Hyundai sells V2L adapters for its EVs, and I was sorely tempted to buy one. However, I found that they were out-of-stock and on backorder at various parts suppliers. Moreover, they are fairly expensive, costing as least $250, if not hundreds more. The good news is that other 3rd-party EV firms are also beginning to sell such adapters, and at much more reasonable prices, such as A2Z’s V2L Plug. I ultimately decided to order a Lectron model, which was slightly more expensive but had very positive reviews. It arrived in only two days, and you can see it in the photo at the top of the page.
The Ioniq 5 actually boasts two V2L outlets. One of them uses the adapter by plugging into the charge port outside the vehicle. The other one is inside the car, below the rear seats. They can provide 16 amps of power up to 1.8 kW. Below are photos and descriptions of both.
NOTE: You can click on the following photos to enlarge them, and the movies to play them.
Below the rear seats, in the middle, is a box with a graphic of a plug and a sliding cover. As you can see in this photo, that cover is locked in place, perhaps to protect children from sticking anything into the outlet.
To unlock the cover, you can use the key that comes inside the Ioniq 5's fob. To remove it, you have to press the small black button and pull the key out, as show in this photo.
Here is the key removed from the fob.
I could then use the end of the key to turn the slot on the box to the left and unlock the outlet cover.

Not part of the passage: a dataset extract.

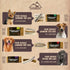 Premium All-Natural Grade A Split Elk Antlers for Dogs – Naturally Shed in The Rocky Mountains – No Additives, No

Once unlocked, I could slide the cover to the left and gain access to the V2L outlet.
In this photo I've plugged the Lectron V2L adapter into the charge port, ready to pull electricity out of the Ioniq 5 and use it to power other devices.
As an example, in this video I plug a lamp into the adapter, and after a brief pause… it lights up, powered by the Ioniq 5’s battery pack!

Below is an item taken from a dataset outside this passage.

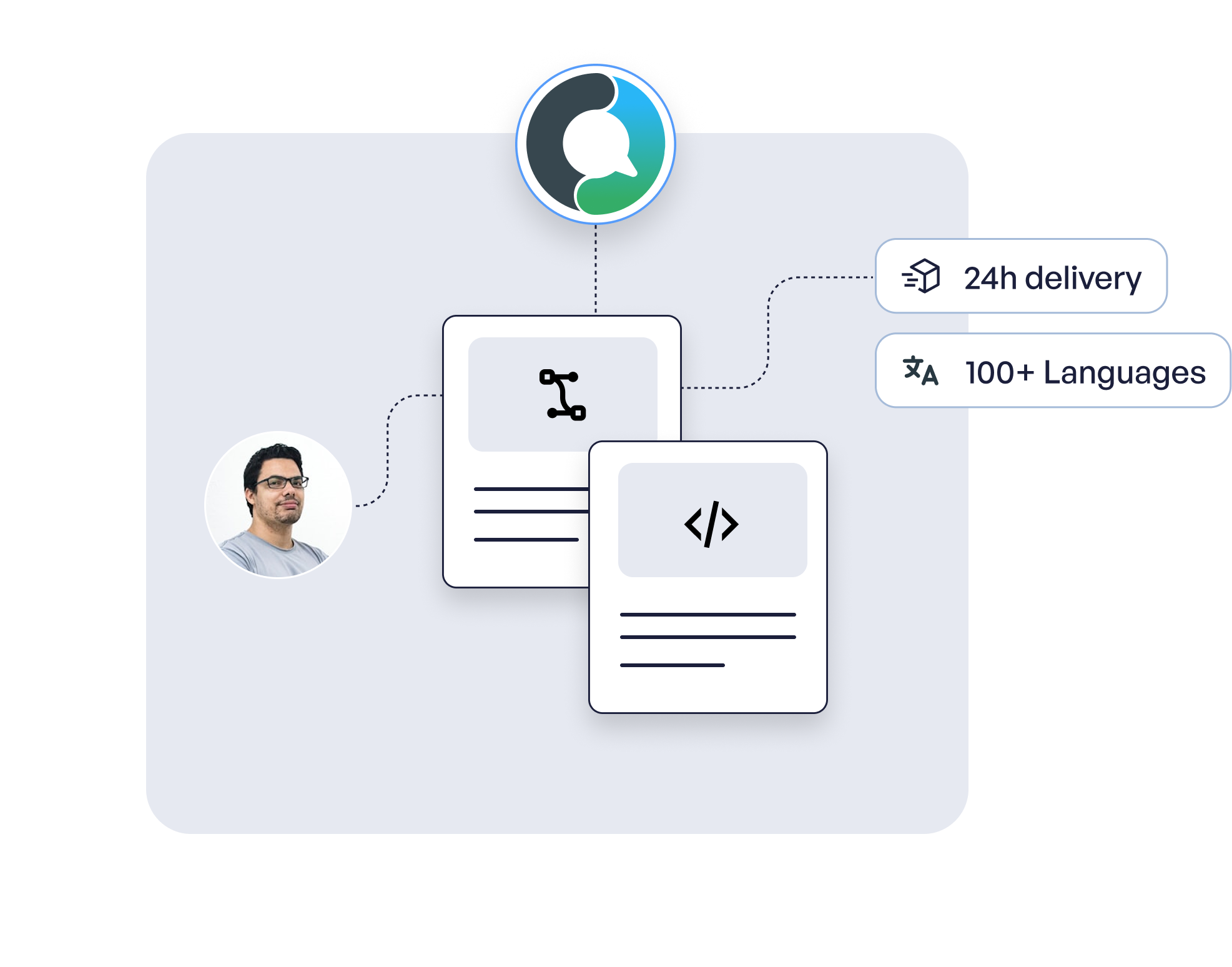 Languex Illustration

I will keep this V2L adapter in the frunk, along with all my other roadtrip charging devices. I dunno if we'll use it in the near future, but I can envision tapping into the Ioniq 5's power when on a picnic or camping someday, once I purchase and install a trailer hitch on the car, like I did on our LEAF and on our Model 3.
Finally, perhaps someday I will install a power inlet near the breaker box on the wall next to the car, like is used with gas-powered generators, similar to what the "Ioniq Guy" has already done to turn his V2L into V2H. That will make it much easier to tap into the Ioniq 5's battery pack for essential lights and appliances.